Though 401(K) is gradually gaining its popularity, there situations that some employers don’t offer 401(K) to their employees. What can you do if you want to make investments and save for retirement?

Just open an IRA account!

What is IRA?

IRA, standing for Individual Retirement Account, is a tax-advantaged investing tool for individuals provided by many financial institutions. There are several types for IRA as of 2019: traditional IRAs, Roth IRAs, SEP IRAs, and SIMPLE IRAs.

Who can have an IRA account?

Any individual who has taxable income and under the age of 70.5 can open an IRA account in financial institutes, for instance, banks.

Pay attention, you can only contribute earned income that meets IRA rules to your account, which does not include income from investments, child support, social security benefit, for example.

How does IRA work?

You can open an IRA account at banks, brokerage companies and other financial institutions. You will be offered more choices of investments within your IRA account than 401(K), such as stocks, funds bonds and notes. Either you or your broker choose the portfolio and then you can contribute money to your account.

Different types of IRA

  1. Traditional IRA

Like a traditional 401(K) account, a traditional IRA account is tax deferred. Your contribution to an IRA account and your capital gains will not be taxed, allowing an IRA to grow faster. When you withdraw, all the money will be taxed as ordinary income. For 2019, your contribution to a traditional IRA account should be no more than $6,000 unless you are 50 or older.

In most cases, contributions to traditional IRA are tax deductible. How deductible your traditional IRA are can depend on your modified adjusted gross income (MAGI) and whether your company offers a retirement plan. The chart below explains details as of the year 2019.

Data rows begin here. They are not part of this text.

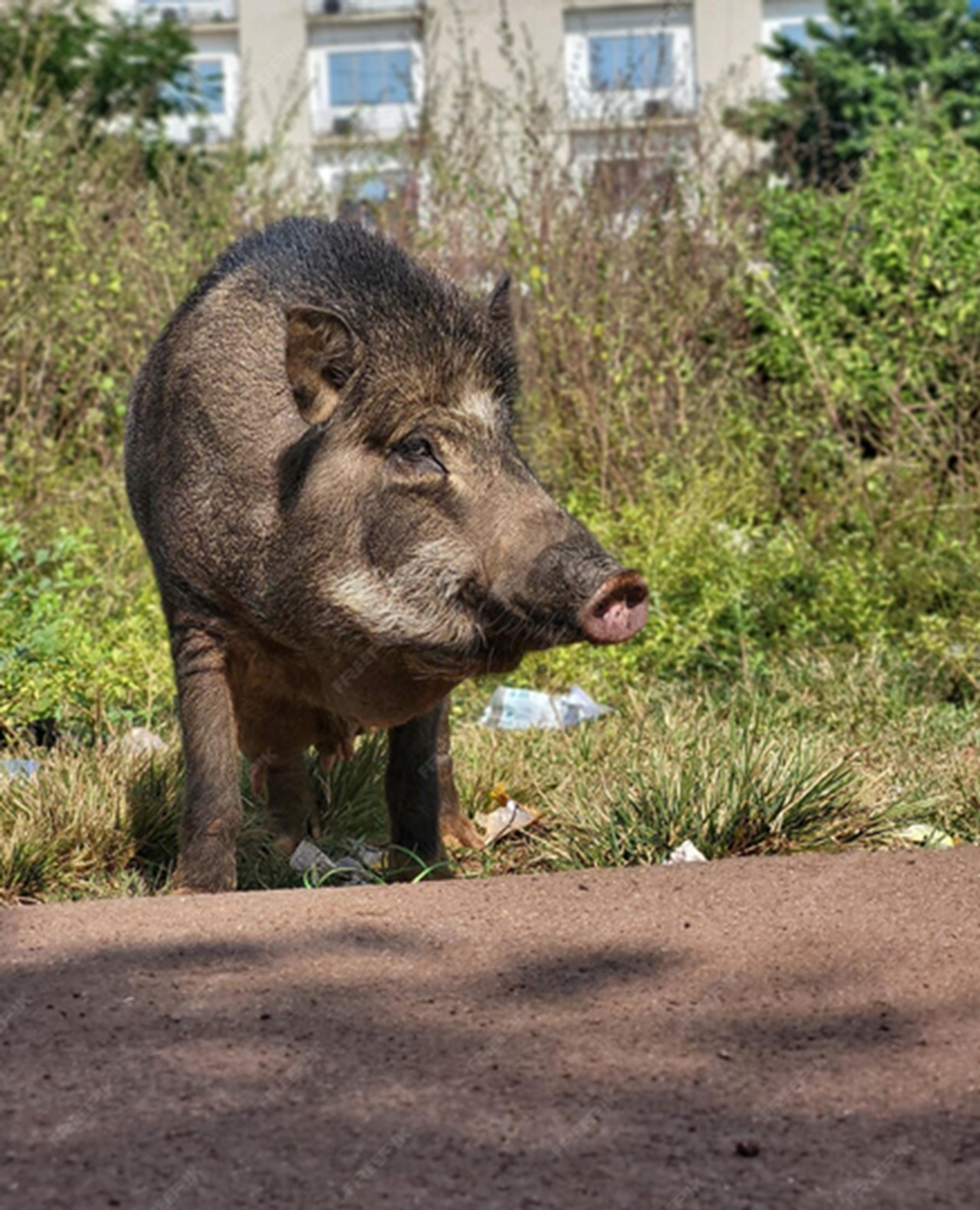 Czy dziki niszczą dzielnicę? Radna pyta o skalę strat i publiczne wydatki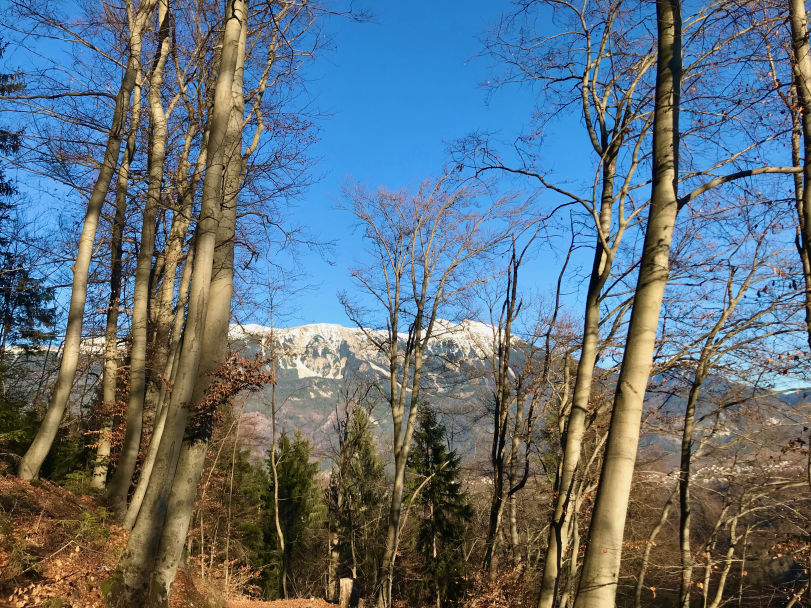Pr' Konjič The Region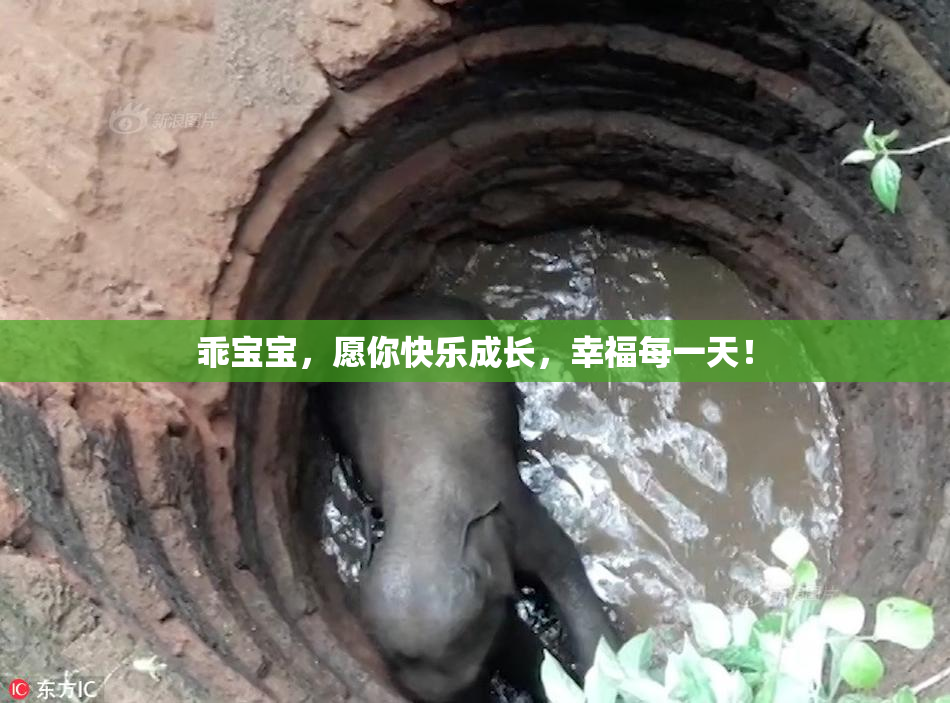乖宝宝，愿你快乐成长，幸福每一天！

As for withdrawal, you are supposed to take out the money after 59.5, or there will be a 10% penalty. After 70.5, you have to withdraw required minimum distributions (RMDs). It’s worth noting that after RMDs begin, people can no longer contribute to a traditional IRA.

  • Roth IRA

Like a Roth 401(K) account, you fund a Roth IRA account with after-tax dollars. You’ve already paid the tax, so you don’t have to pay anything when you withdraw. The contribution limit is the same with traditional IRA: $6,000 unless you are 50 or older. However, not everyone qualifies to contribute, there are income limits. For example, if you are single or file as head of household, can contribute up to the limit if your MAGI is less than $122,000. More details can be seen from IRS website.

You can withdraw your contributions from a Roth IRA account at any time for any reason. However, you’ll be penalized if you withdraw investment earnings before age 59.5. There are no RMDs for Roth IRA, you can leave it and contribute regardless of your age.


SEP IRA, standing for Simplified Employee Pension, is a type of traditional IRA for self-employed individuals or small business owners. Tax-deferred contributions go into a traditional IRA held in the employee’s name. Employers, instead of employees, contribute to the account.


SIMPLE IRA, stands for Savings Incentive Match Plan for Employees, is a type of traditional IRA for small businesses and self-employed individuals. SIMPLE IRA allows employees to make contributions, at the same time, the employer is required to contribute.